Copy exactly the lines of the data below, beginning with the line with "BL35280F - GERMAN TANKER 1946 W/ GAS MASK" and ending with the line with "Sennheiser HD 600". Pictures are to be omitted.

DATA FOR THIS EXERCISE: Begin

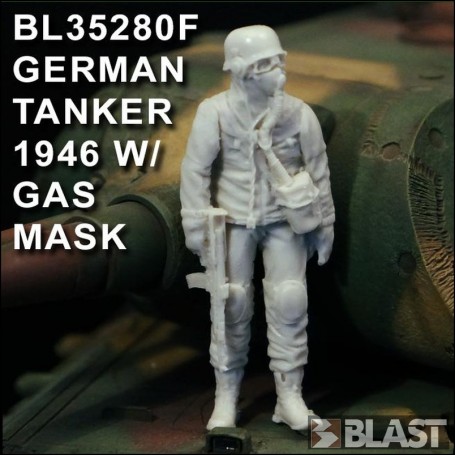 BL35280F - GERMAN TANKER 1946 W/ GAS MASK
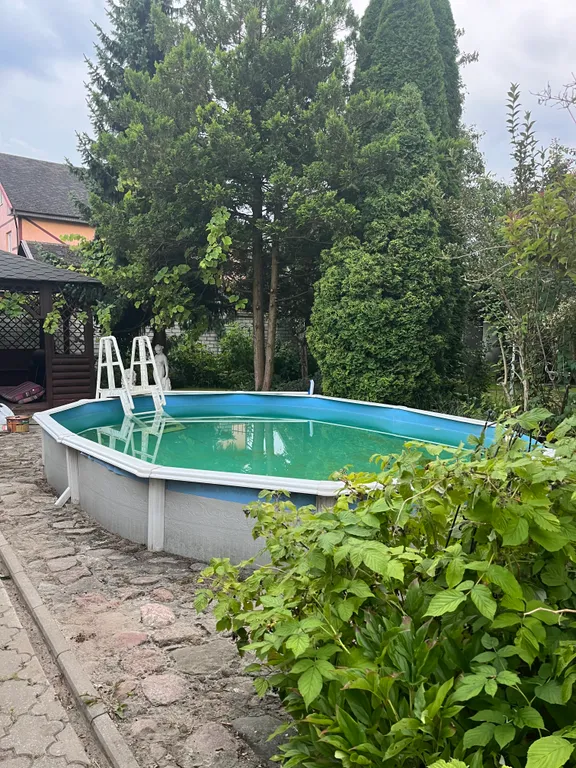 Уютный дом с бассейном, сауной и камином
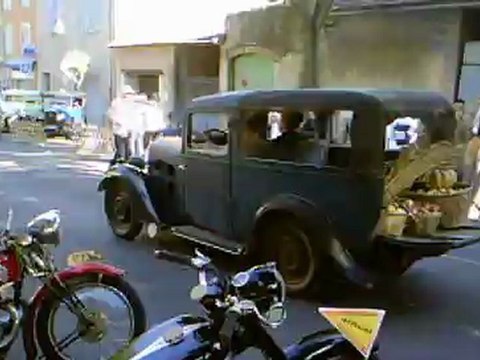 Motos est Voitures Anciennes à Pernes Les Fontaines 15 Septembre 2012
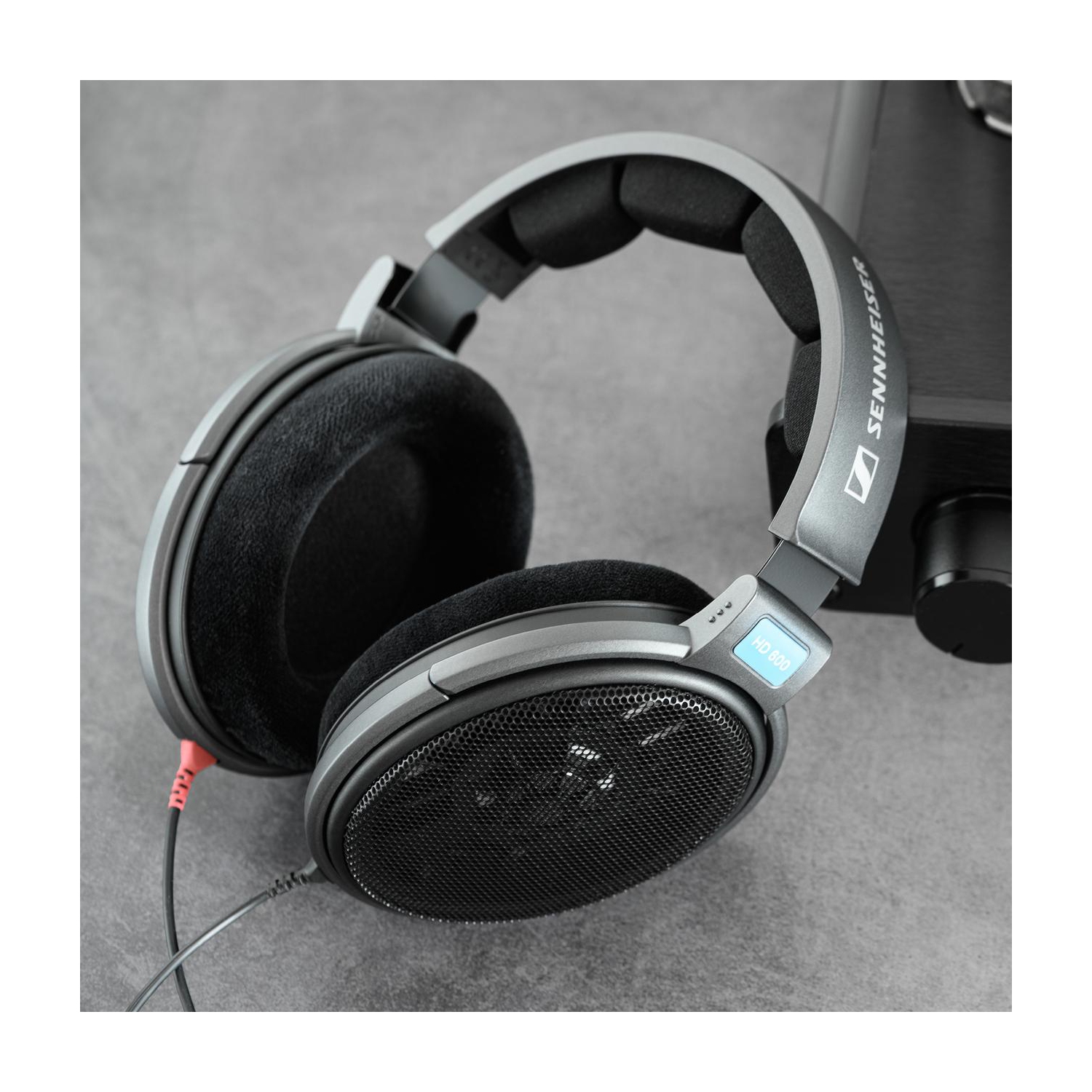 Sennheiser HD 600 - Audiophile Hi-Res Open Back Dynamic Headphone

DATA FOR THIS EXERCISE: End
DATA FOR THIS EXERCISE: Begin

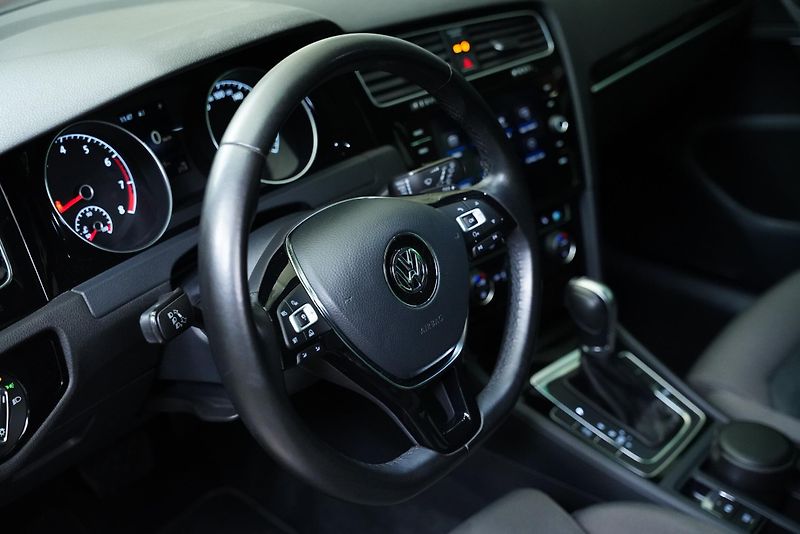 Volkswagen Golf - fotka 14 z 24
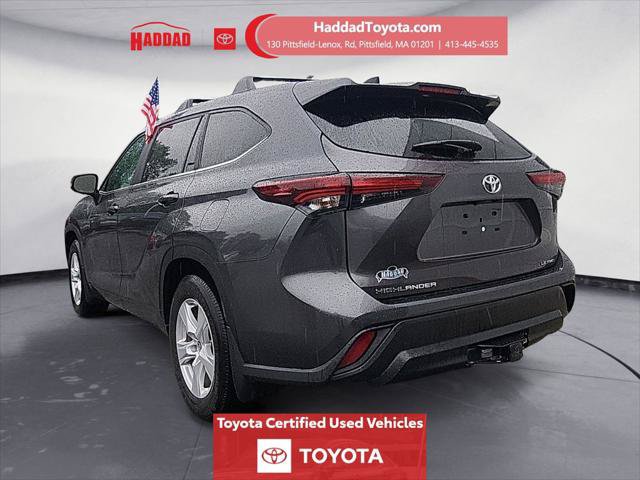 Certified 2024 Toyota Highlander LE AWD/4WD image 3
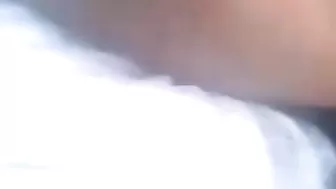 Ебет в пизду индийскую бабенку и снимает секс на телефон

DATA FOR THIS EXERCISE: End

** EXERCISE ANSWER **
 BL35280F - GERMAN TANKER 1946 W/ GAS MASK
 Уютный дом с бассейном, сауной и камином
 Motos est Voitures Anciennes à Pernes Les Fontaines 15 Septembre 2012
 Sennheiser HD 600 - Audiophile Hi-Res Open Back Dynamic Headphone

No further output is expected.